5) Strength, stiffness, and realistic input values
Higher strength typically means higher modulus and lower elastic strain, which can reduce total deformation. Use verified strength where possible, not only the specified grade. If strengths vary between pours, column shortening estimates should use pour-specific values for better accuracy.
6) Age at loading and construction sequencing
Loading at younger ages increases creep because hydration is still developing. Fast-track schedules can therefore increase long-term sag and shortening. Delaying heavy sustained loads, optimizing shoring and stripping, and maintaining curing practices can materially reduce serviceability risk.
7) Stress level and the service range
Creep models are most dependable at typical service stresses. Very high sustained stresses and significant cracking can change stiffness and cause greater deflection than simple multipliers predict. Use the stress input that matches the sustained portion of loading, not the short-term peak.
8) Using results for documentation and decisions
The creep coefficient φ indicates additional strain relative to initial elastic strain. Total strain supports shortening checks, and the deflection multiplier provides a quick long-term lens for beams and slabs. Export CSV or PDF to capture assumptions, compare scenarios, and support professional design notes.
FAQs
1) What does the creep coefficient φ represent?
φ is the ratio of creep strain to the initial elastic strain under the same sustained stress.

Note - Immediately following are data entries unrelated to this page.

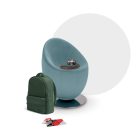 OUO Fauteuil sculptural enveloppant espace accueil design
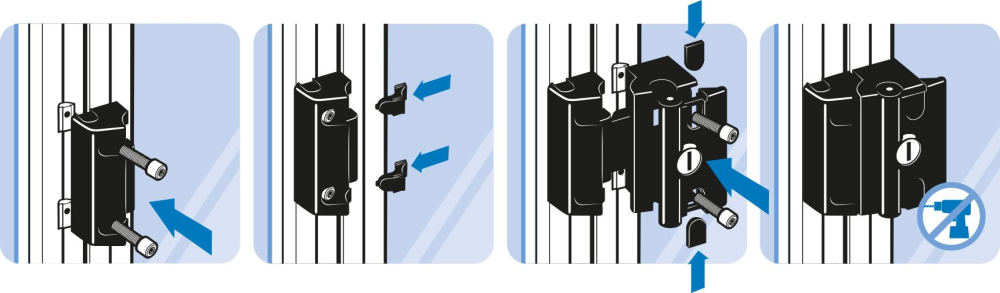 Fallenschloss zu Hundebox
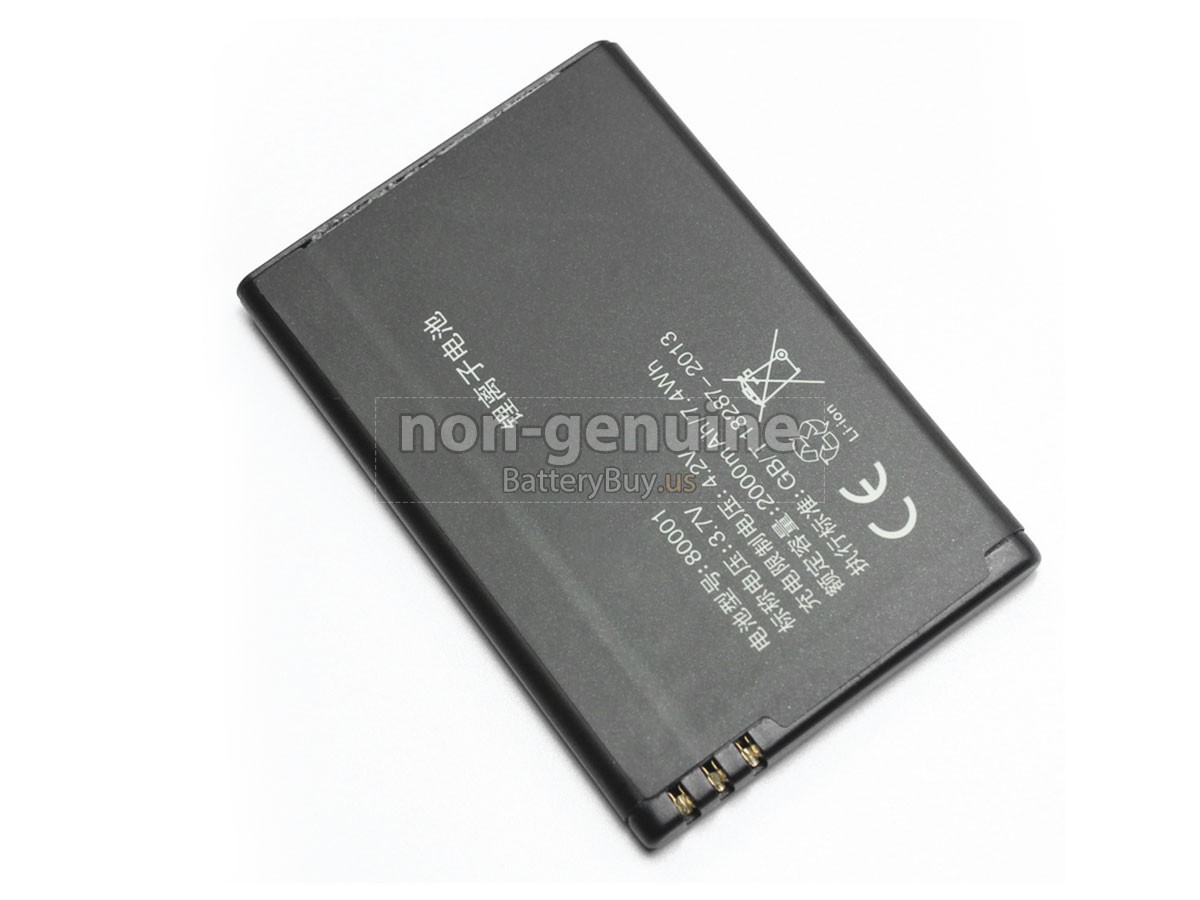 battery for UniStrong UG801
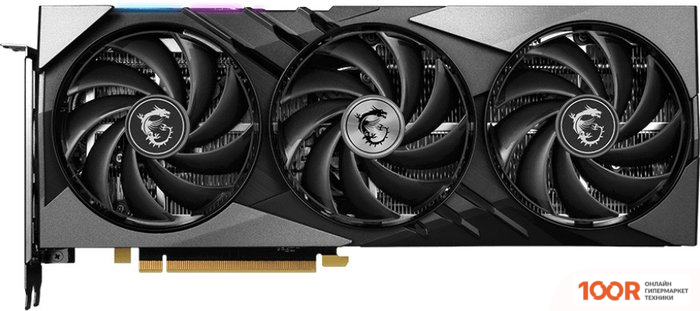Видеокарта MSI GEFORCE RTX 4060 TI GAMING X SLIM 16G (30153)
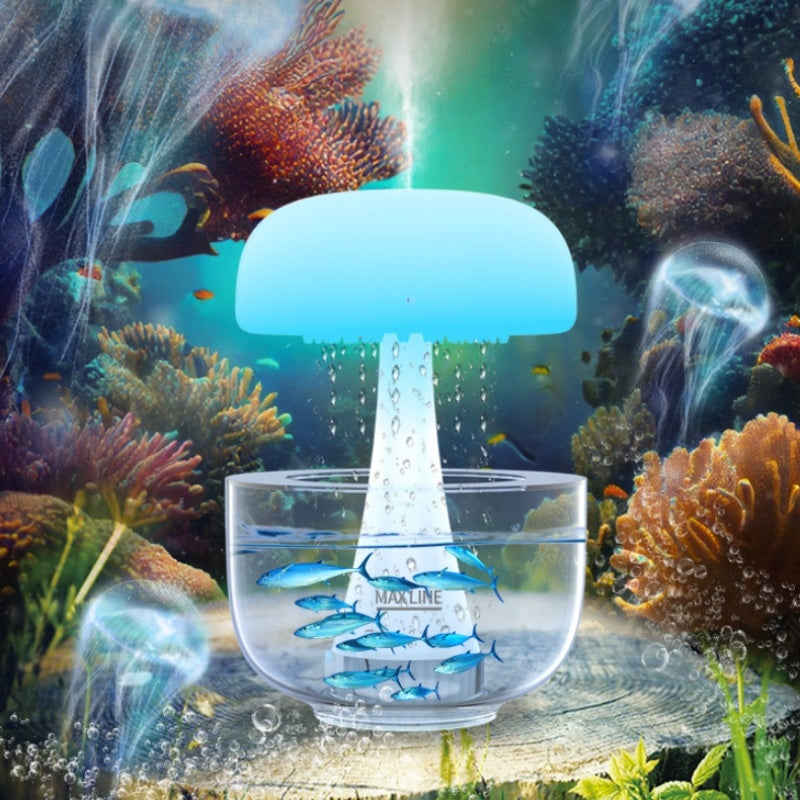 Jellyfish Ultrasonic Raindrop Humidifier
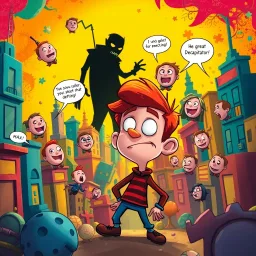 Whose Head is This Anyway? - Text-based game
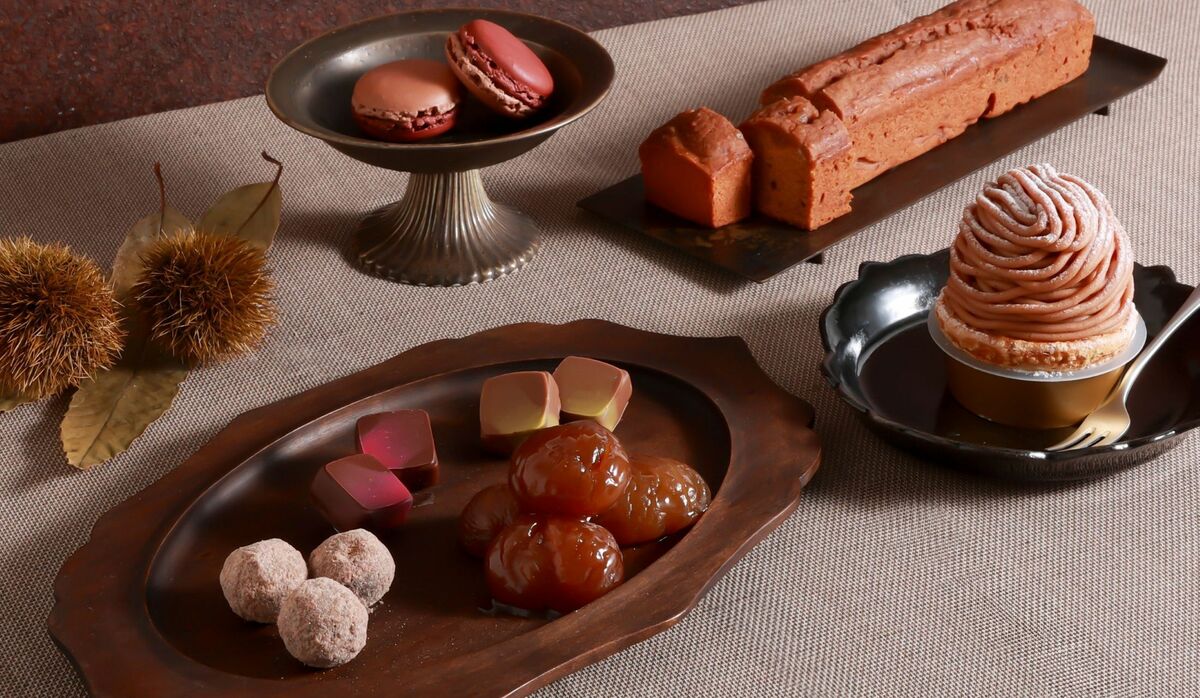 限定ボンボンショコラにモンブラン！「ジャン＝ポール・エヴァン」の栗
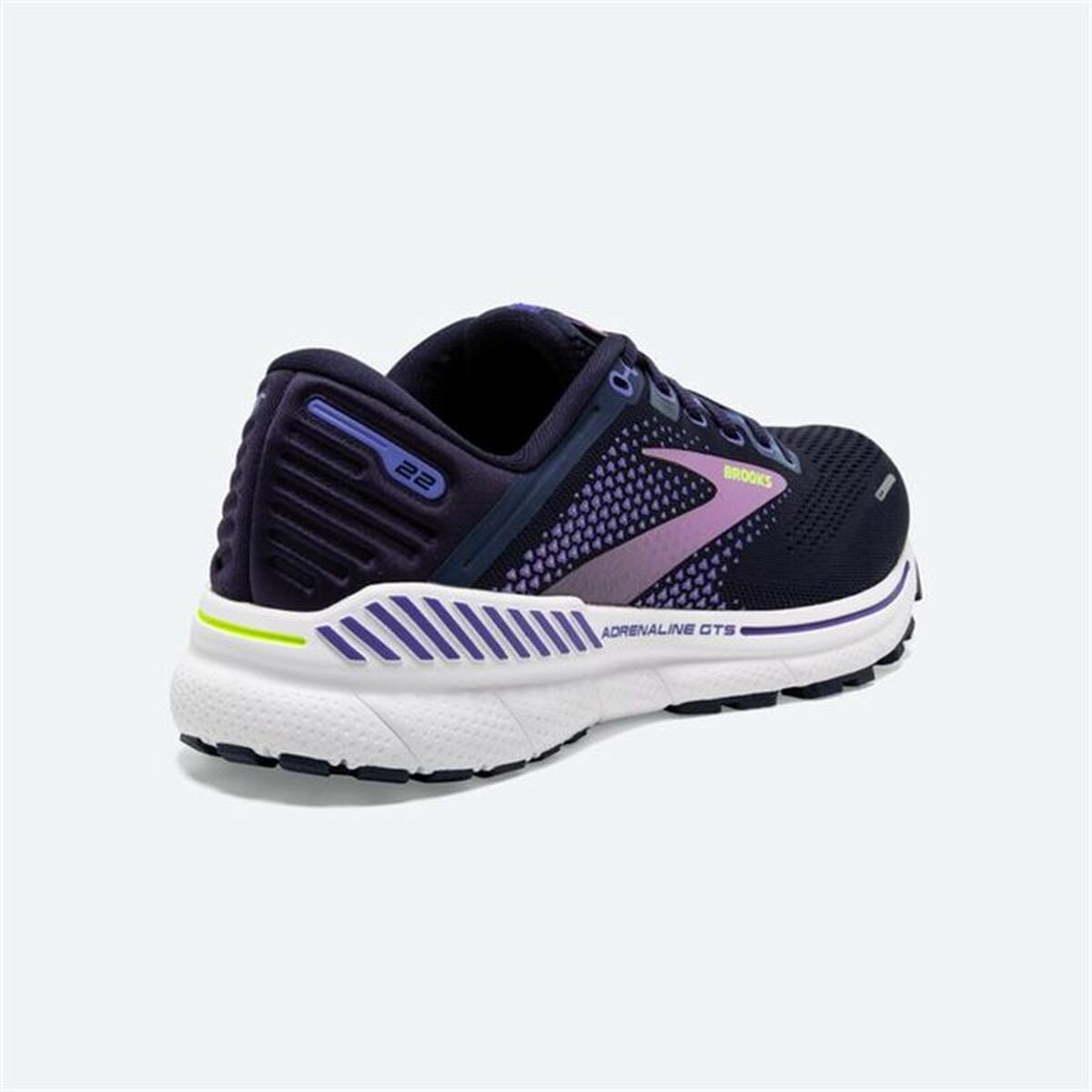 Laufschuhe für Damen Brooks Adrenaline GTS 22 Lila - AWK Flagship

For example, φ = 2 means creep strain is about twice the elastic strain.
2) Why does low humidity increase creep?
Lower humidity promotes drying, which alters the paste microstructure and increases time-dependent deformation. Drier exposure usually produces larger long-term strains and deflections.
3) How should I choose the notional size h0?
Use a representative thickness that reflects drying path length for the member. Thinner members generally have smaller h0 and tend to develop higher creep.
4) What is the best age at loading t0 to input?
Use the age when sustained loads begin, such as when shoring is removed or permanent loads are applied. Earlier t0 typically increases predicted creep.
5) Can I use the deflection multiplier for cracked members?
Use it cautiously. Cracking reduces stiffness and can increase long-term deflection beyond a simple (1+φ) multiplier. For critical members, apply a code-based cracked-section method.
6) How accurate is this calculator for design work?
It is intended for preliminary engineering estimates and quick comparisons. Final design should follow the governing standard and use project-specific materials data when available.
7) What inputs most strongly affect the output?
Relative humidity, notional size, age at loading, and strength are major drivers. Sustained stress affects strain linearly through σ/Ec, while φ scales the time-dependent portion.